Shane Wagner brought one of last night’s successful revisions, his poem “Past Lovers.”  Last week we urged him to get down into the the weeds of these ‘what if’ ladies, and he delivered.  Using “I go back to past lovers” as an anaphoric summoner, he details three of these episodes, and what was nice was how the poem deepened in emotional resonance as the degree of sexual involvement deepened (my mom told me that would happen).  But getting down in the weeds also introduced the tangles of those trysts which, as we all know, can resist the compression poetry adores.  While the hookup in the ’76 Civic only raised general questions (“If I lingered … do we marry … do I work for your father .. how long have we been divorced”) the groping session in the ’78 Accord (which has a more spacious interior that the Civic) raised questions of consent (“why did you stop us, put on all of your clothes…?) and the third adventure there’s an abbreviated romantic comedy “meet cute” on a railroad platform followed by the pair becoming lovers who only split when “you” went to Providence and “I” didn’t follow.  So much to manage, and yet, if Shane pulls it off, we’ll get Tom Hanks to play him.
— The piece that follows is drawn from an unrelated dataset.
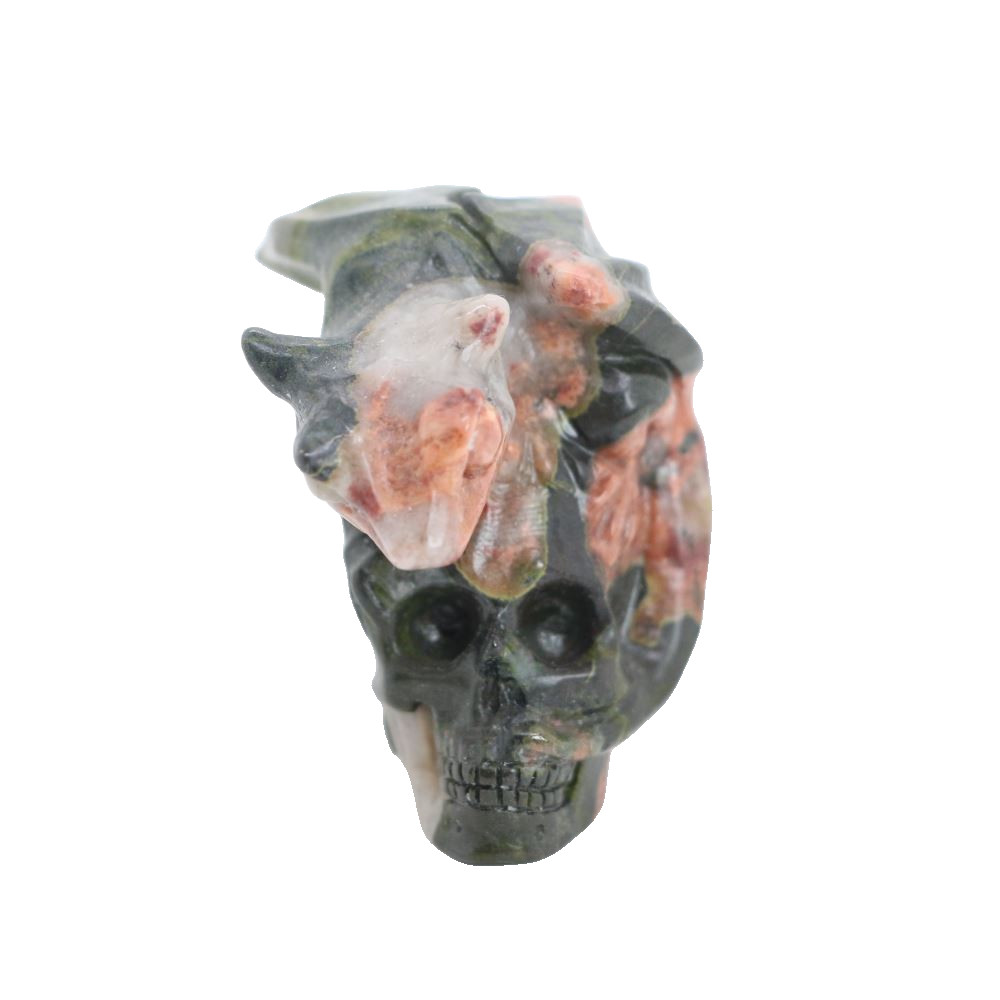 1.8″ PLUM FLOWER STONE Carved Dragon Crystal Skull Realistic Crystal Healing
Ray Turco was back with another free-verse tale of an Italian hero, this one “Giorgio Perlasca” who played a role in saving Jews from concentration camps in WWII.  And while Don said the brevity of this piece was powerful, and Janet was a little confused by the ruse Giorgio used, the most interesting part of the discussion, I think, was what role the prose footnotes that Ray adds to the bottom of these poems play.  The prose notes provide a short biography of the heroes.  Carol, voicing a concern that resonates with mid-20th Century poets who insist that the poem can and should speak for itself, asked Why?  There are other traditions, however, in which the poem includes an “argument” that introduces the lyrical content (see Milton’s Elegy “Lycidas” for example), and editors frequently seek to ease the reader’s entry to the poem’s universe with explanatory marginalia and footnotes, and there are truckloads of poetry books today that come with fucking interminable endnotes.  Our own Mark Fogarty frequently uses footnotes to provide context for his historical and sports pieces.  So then there was a debate as to whether Ray should put his biographical data in a footnote as he does or in an endnote.  That discussion has now made it into these field notes, which can be referenced by future editors of Ray’s collected poems.
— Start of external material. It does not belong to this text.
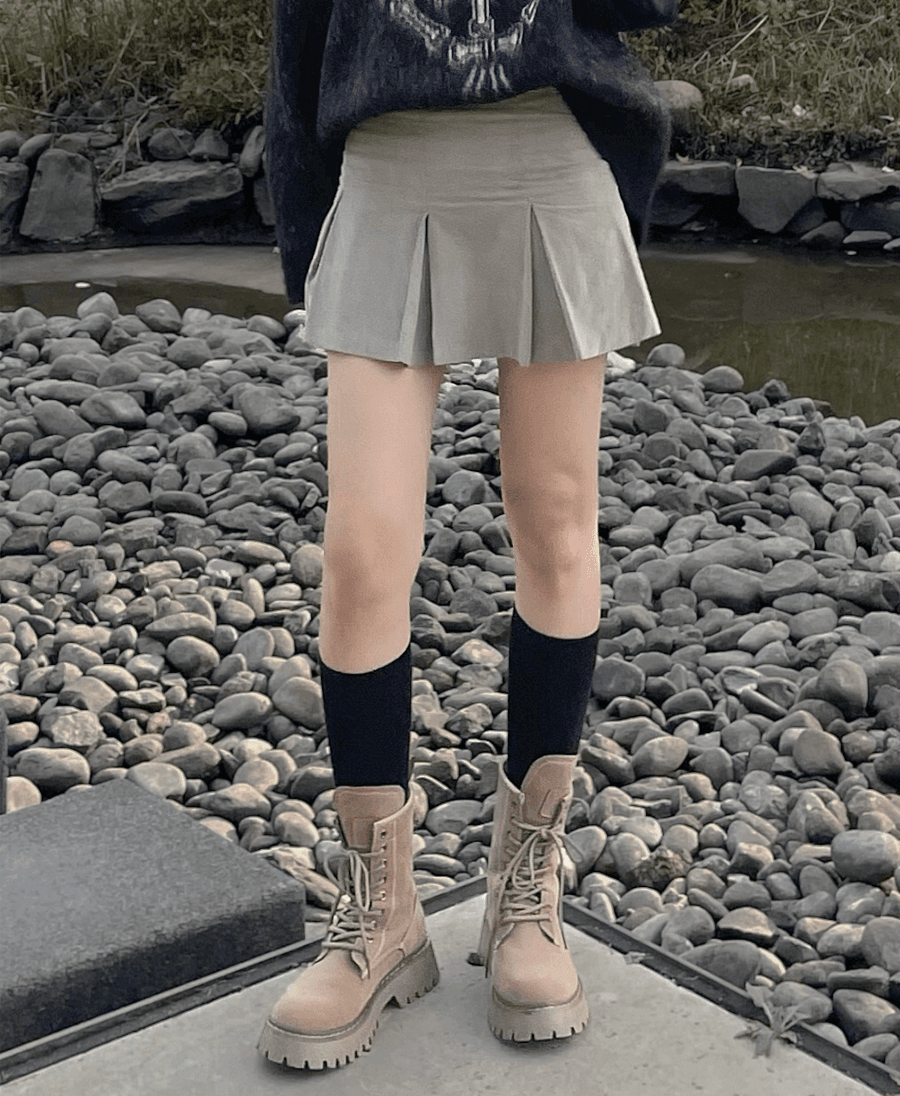 코듀로이 플리츠 미니 스커트 (2 color)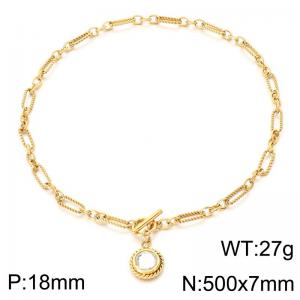 Stainless Steel Stone Necklace - KN302647-Z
Speaking of Fogarty, he brought a fart poem: “The Wedding Party,” about the speaker and “Jack Sheridan” using their Christmas gift reel-to-reel tape recorders, to perform a fart compendium to rival the ethnological work of Alan Lomax.  There came a moment in this conversation where John J Trause, who has known Fogarty for fifteen years, asked Fogarty to explain why he capitalizes the first letter of each line of his poems.  Fogarty sighed deeply.

And then it was Trause‘s turn.  He brought a triolet (look it up) called “Procrastination” that considers the his career as a writer of sestinas.  It was roundly loved.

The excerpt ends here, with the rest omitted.